**TASK PROMPT:**
Search the lines of the records for the word "Building", and copy every line that has it.

**DATA RECORDS:**
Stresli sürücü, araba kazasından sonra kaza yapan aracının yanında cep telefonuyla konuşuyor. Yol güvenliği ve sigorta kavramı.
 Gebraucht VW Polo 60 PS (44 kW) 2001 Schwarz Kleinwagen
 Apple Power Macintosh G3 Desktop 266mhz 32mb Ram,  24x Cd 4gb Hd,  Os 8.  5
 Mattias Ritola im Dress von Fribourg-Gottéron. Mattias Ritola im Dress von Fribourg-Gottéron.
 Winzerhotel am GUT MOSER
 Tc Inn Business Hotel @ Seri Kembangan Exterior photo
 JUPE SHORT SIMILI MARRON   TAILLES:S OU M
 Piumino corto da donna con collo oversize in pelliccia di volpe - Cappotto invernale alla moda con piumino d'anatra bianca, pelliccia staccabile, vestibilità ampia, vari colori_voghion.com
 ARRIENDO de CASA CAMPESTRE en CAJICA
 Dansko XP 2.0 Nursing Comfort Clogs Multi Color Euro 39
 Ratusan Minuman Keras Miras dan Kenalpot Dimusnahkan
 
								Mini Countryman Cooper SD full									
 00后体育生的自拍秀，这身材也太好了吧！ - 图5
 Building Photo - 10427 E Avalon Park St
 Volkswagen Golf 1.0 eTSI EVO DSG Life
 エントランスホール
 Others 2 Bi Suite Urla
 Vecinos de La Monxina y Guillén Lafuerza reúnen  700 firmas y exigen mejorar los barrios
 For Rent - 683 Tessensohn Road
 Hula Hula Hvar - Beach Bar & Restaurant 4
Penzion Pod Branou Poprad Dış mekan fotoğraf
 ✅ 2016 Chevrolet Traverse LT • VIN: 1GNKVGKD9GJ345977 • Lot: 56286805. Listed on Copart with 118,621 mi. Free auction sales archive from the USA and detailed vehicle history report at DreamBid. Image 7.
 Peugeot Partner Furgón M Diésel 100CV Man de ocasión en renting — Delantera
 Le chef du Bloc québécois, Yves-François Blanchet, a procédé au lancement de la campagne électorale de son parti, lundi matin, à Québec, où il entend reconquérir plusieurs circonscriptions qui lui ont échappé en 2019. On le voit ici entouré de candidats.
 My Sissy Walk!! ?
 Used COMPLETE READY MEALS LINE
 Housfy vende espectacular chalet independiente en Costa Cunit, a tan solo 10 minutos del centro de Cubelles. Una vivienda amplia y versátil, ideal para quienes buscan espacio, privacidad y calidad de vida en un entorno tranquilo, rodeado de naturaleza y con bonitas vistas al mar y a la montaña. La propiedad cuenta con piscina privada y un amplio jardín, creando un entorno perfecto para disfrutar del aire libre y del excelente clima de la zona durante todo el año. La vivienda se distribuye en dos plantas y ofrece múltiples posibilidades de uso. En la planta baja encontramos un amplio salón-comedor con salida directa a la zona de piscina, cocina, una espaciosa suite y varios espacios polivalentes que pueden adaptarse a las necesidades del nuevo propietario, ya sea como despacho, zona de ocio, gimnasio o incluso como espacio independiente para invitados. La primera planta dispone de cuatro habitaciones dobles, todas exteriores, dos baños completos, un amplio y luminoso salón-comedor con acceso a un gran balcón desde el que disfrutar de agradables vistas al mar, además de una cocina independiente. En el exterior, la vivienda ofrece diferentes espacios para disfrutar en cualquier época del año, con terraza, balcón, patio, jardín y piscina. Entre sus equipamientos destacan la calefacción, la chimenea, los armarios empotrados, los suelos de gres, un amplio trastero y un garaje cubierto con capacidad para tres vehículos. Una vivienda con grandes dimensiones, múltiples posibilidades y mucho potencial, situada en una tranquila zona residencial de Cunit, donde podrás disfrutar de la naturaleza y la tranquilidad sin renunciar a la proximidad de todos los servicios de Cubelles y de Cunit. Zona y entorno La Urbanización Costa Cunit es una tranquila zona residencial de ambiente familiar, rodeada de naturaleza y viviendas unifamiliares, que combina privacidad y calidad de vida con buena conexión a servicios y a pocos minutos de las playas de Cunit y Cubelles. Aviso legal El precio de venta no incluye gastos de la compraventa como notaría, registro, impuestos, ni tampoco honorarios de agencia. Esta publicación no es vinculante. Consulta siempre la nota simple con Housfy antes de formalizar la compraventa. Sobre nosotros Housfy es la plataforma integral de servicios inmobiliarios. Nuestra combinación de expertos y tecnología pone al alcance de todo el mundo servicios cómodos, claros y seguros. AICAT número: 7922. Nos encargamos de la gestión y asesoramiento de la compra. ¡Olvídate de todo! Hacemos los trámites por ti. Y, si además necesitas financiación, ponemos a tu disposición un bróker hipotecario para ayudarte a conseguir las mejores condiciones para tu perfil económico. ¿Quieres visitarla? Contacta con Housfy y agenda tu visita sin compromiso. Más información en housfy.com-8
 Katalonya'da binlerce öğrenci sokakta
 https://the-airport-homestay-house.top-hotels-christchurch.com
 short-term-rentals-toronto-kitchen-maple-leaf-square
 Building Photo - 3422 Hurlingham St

**SOLUTION FOR THIS EXERCISE:**
 Building Photo - 10427 E Avalon Park St
 Building Photo - 3422 Hurlingham St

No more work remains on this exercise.